Dès mai 2011, deux mois après la catastrophe nucléaire de Fukushima, une équipe de biologistes japonais a entamé une étude systématique des papillons bleus des prés, l’espèce la plus commune au Japon. La première comparaison des spécimens de Fukushima avec ceux d’autres régions a révélé une différence notable : les papillons de la zone contaminée avaient des ailes plus petites. Cette observation a rapidement suscité l’inquiétude des chercheurs.

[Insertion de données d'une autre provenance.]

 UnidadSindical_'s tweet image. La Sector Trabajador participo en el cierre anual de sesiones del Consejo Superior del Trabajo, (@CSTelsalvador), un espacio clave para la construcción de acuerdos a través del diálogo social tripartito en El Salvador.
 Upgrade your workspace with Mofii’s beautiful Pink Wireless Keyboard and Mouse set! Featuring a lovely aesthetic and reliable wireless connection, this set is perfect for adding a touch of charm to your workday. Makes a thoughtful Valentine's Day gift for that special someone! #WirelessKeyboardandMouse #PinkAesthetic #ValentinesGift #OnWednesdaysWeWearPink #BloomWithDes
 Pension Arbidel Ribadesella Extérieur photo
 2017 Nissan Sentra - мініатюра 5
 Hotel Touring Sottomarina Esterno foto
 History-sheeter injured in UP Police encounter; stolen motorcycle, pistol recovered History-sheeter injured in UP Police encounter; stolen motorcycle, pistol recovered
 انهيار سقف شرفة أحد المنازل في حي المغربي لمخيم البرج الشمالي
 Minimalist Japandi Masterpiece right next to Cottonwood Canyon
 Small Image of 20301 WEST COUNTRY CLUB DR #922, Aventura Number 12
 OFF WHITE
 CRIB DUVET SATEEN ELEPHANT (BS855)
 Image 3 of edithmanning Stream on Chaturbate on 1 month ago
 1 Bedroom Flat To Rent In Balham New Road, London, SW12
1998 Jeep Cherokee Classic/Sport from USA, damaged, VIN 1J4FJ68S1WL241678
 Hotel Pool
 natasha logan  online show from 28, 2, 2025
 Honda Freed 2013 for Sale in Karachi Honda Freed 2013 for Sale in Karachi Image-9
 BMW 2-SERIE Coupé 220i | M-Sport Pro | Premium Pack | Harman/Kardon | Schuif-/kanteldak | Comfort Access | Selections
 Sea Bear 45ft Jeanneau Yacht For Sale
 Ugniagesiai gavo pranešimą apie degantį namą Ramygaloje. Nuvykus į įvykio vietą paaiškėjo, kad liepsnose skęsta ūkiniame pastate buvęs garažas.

L’évolution de la situation dans les mois qui ont suivi a confirmé ces craintes. Entre mai et septembre 2011, une accumulation rapide de mutations a été constatée chez les papillons bleus de Fukushima, et la proportion d’individus présentant des anomalies de développement a augmenté de manière significative. Il ne s’agissait pas d’un simple effet immédiat de l’exposition aux radiations.
L’aspect le plus préoccupant concerne les effets transgénérationnels. La première génération de descendants (F1) de papillons dont les parents avaient été exposés aux radiations a présenté des anomalies, et ce, même lorsque les parents eux-mêmes ne montraient aucun signe extérieur de contamination. Cela indique que les dommages génétiques peuvent être transmis de manière latente, sans se manifester immédiatement chez la génération précédente.
Parallèlement, les scientifiques ont exploré une autre piste : l’impact des radiations sur la plante hôte des chenilles, l’oxalis corniculé (Oxalis corniculata). Les résultats ont montré que les rayonnements peuvent affecter indirectement les organismes en modifiant leur source de nourriture et, plus largement, l’ensemble de l’écosystème. Cette étude souligne la complexité des conséquences à long terme de l’accident de Fukushima sur la biodiversité locale.
L’étude, qui documente les effets biologiques de l’accident nucléaire, met en lumière la sensibilité des insectes aux radiations et la nécessité d’une surveillance continue des écosystèmes affectés.